Back in the boat, surface support for someone else’s project, feeling sorry for myself, I hear breaths on the surface. I look up and see three slick, dog-like faces, and shiny black eyes staring at me. Gray seals. We stare at each other for minutes, only curiosity hanging in the air. Suddenly, silently, they disappear. I look around, specifically for a lobster boat. Seals are excellent at taking lobsters out of lobster traps, which fishermen know… and which is why some fishermen don’t have reservations about shooting seals on sight. So, seals know exactly what a lobster boat sounds like.
Seals are excellent at taking lobsters out of lobster traps, which fishermen know… and which is why some fishermen don’t have reservations about shooting seals on sight.
About a quarter-mile away, turning the corner around an island is a lobster boat. It putters towards me, which isn’t surprising given the limited number of navigable routes through this particular stretch of treacherous rocks. When the boat is close enough for me to see two men, I wave. I want them to see my flag and avoid our divers below. They wave back, and keep coming towards me. As they get closer, I am nervous and excited. If I was approached by two random men on land, I would be very, very nervous. But out on the water, even though you’re much more vulnerable, more often than not, people are just coming by to check on you.

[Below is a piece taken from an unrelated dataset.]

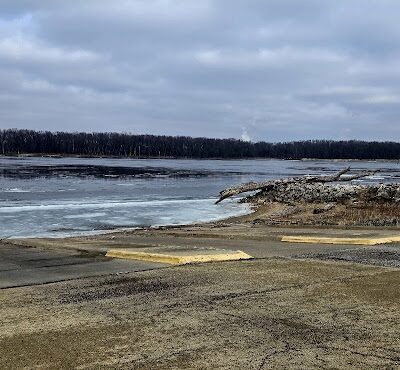 Albany Main Street Park - Albany, IL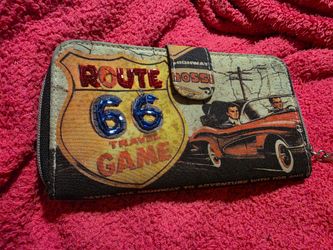 Wallet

The men are wearing baseball caps, sweatshirts, and Grundéns – the uniform of Maine’s fishermen. I can hear their rock music, and I notice they’re not wearing their waterproof jackets; they’re probably warm from hauling traps all day.
“Hi.” they say.
“Hey,” I reply with a wave.
“Do you want some hot water? It’s not clean or anything, but it’s warm. If you give us a bucket, we can fill it up.”
“Sure, that’d be great.” I say, a little confused at first, but then it occurs to me it’s probably for the divers to dip their cold hands and feet into when they surface. I pass a bucket over the boat railings to them. One guy dips it in the hot water tank and passes it back to me carefully. As I grab the handle and slowly put on the bottom of the boat, I can smell hot salty water mixed with bleach, and see tiny dead crustaceans floating at the surface.
I smile big and say,
“Thanks! They –”
I point enthusiastically to the bubbles at the surface —
“– will appreciate it when they come out of the water!”
Without pause, the guy who gave me the bucket says casually, “Oh. It’s not for them, it’s for you.” He’s already putting the engine in gear, heading towards other traps, and waving goodbye, all in one motion.
“Oh,” I say, “Thanks!” and wave once as they leave.
Those guys knew that the worst part of a day was waiting to work, to do something, to be useful.
But I’m still in that moment. The warm water wasn’t for the divers; it was for me. Me, the surface support sitting cold, alone and useless in a dive boat. Those guys knew that the worst part of a day was waiting to work, to do something, to be useful.
I wrestle back tears, and survey the beautiful rocky coastline, breathe in the crisp air, and listen to the rhythmic cackles and cries of gulls and terns. Maybe I belong out here after all. I sit next to the bucket of warm water, dip one brown waterproof boot into the bucket slowly, then the other, and I start to feel a little bit warmer everywhere.